Message par worldfairs » 18 sept. 2018 01:50 pm

Texte de "L'Exposition Universelle de 1867 Illustrée"

M. Jules Breton est élève de Martin Drolling.

Chose singulière! de l’atelier de Drolling, où certes florissaient les principes du classique le plus pur, sont sortis des artistes tres-différents par le caractère du talent; ainsi, MM. Timbal et Chaplin, Baudry et Chevignard, de Curzon et Marchai, Henner, Servin, Mouchot, Breton et d’autres. C’est que, lui-même, Drolling sortait de la puissante école de l’Empire qui a exercé une influence si considérable sur les arts. Ah! je le sais, cette école a fait éclore une nuée de praticiens inintelligents, de pédants ennuyeux, dépourvus de chaleur, d’imagination, réalisant un idéal faux et maniéré au moyen de types, de poses, de gestes conventionnels.
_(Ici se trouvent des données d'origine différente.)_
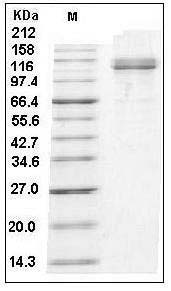 Human VCAM-1 / CD106 Protein (Fc Tag) SDS-PAGE
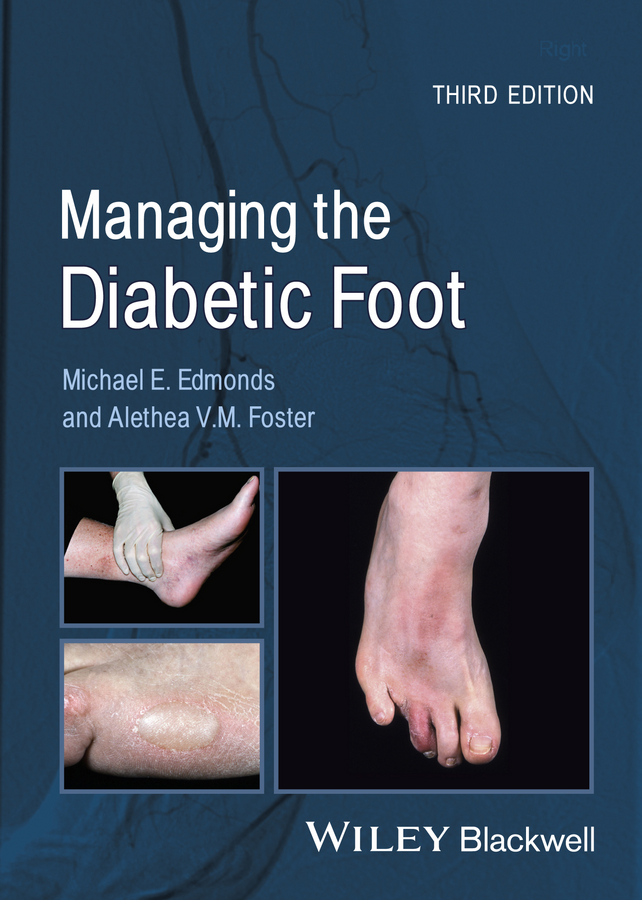 Обложка книги «Managing the Diabetic Foot»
Mais elle ne peut être responsable de toutes les œuvres inanimées et sottes qui furent faites sous son nom, de même que le romantisme ne saurait l’être de tous les barbouillages qui s’abritent sous son aile, de même que le naturalisme, en grand honneur de nos jours, ne l’est point des toiles laides et malpropres que chaque Salon de Paris ou de province présente au public ahuri et stupéfait.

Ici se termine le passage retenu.